Regardless of what happened, or didn’t happen, historically, the Torah is trying to tell us something else. In describing these plagues, as well as all of God’s miraculous deeds in the first part of the book of Exodus, the text uses the terms otot—“signs—and moftimwonders—neither of which means natural events.

And the Torah comes to teach us that human involvement (here by Moses and Aaron) is necessary to effect these signs and wonders. The plagues, the parting of the Reed Sea, the rock flowing with water—none of these things happen without human participation in bringing about the miracle. Moses and Aaron are not seen as possessing miraculous powers on their own; rather, they partner with God to bring about needed change in reality as they know it. Only after that reality—the laws of nature—has been altered can the Israelites raise up their heads and demand their freedom. Only after these changes to the world as they knew it did the Egyptians’ determination to dominate another nation begin to break down.

I’ve been thinking a lot over this last weekend of commemorating the life and work of Dr. Martin Luther King. About how he and all those who worked on behalf of civil and human rights in this country were working miracles. They risked (and sometimes lost) their lives to challenge the so-called natural order of race relations, and while many of them prayed for God’s intervention, they didn’t stand by and wait. They became God’s partners in seeking and achieving justice.

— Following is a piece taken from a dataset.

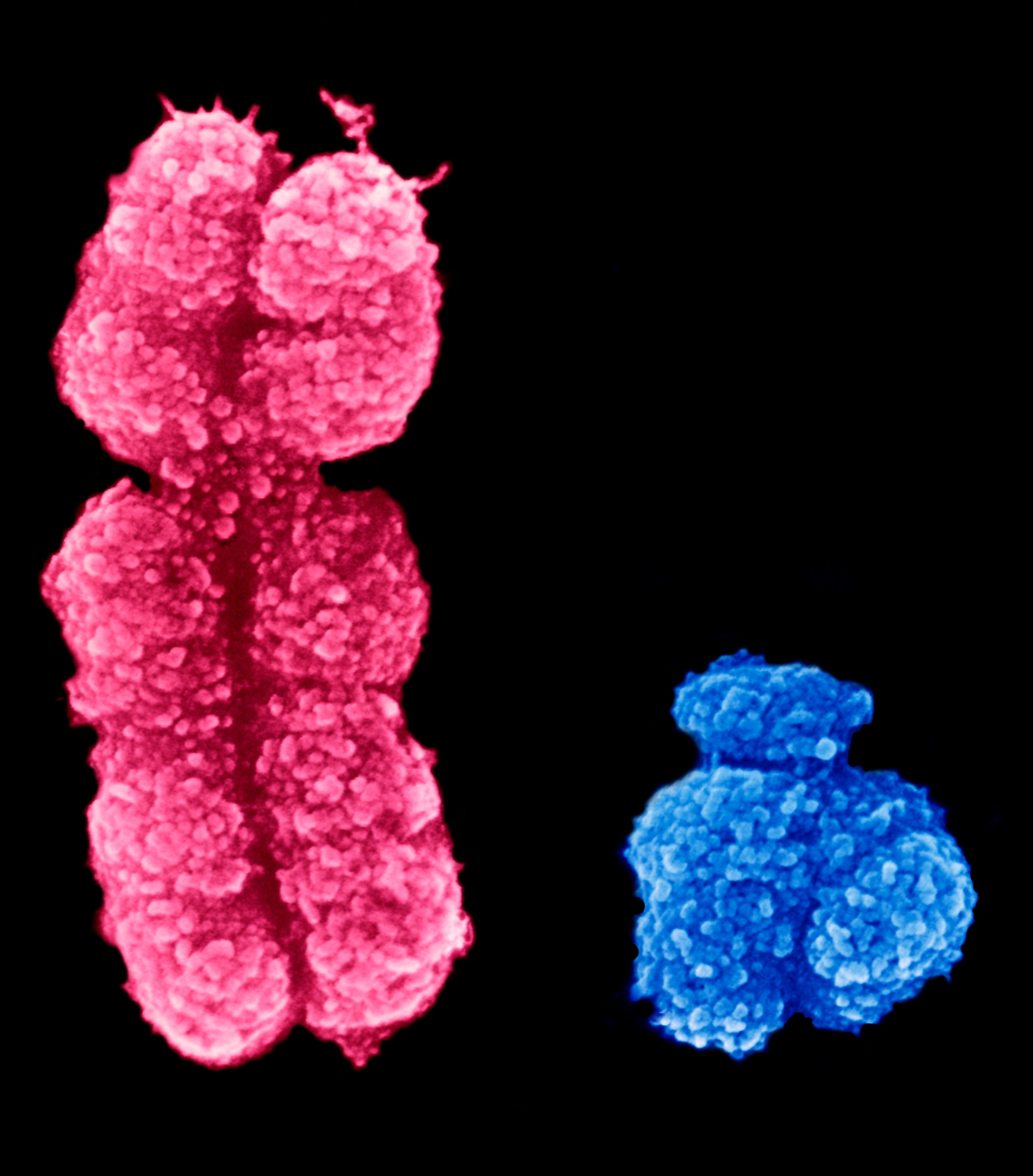 Human Chromosomes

I’ve also been thinking about how much more there is to do rectify racial disparity in our country and how we, in the Or Hamidbar community, might best be involved in this work. How might we be those human beings who partner with God in creating miracles, the changes so necessary to our community, our nation, and the whole world?

I hope to have some concrete suggestions in the weeks to come, but in the meantime, I invite everyone to consider renewing our sense of wonder and our ability to perceive the positive events around us as signs for us to partner with God in working miracles.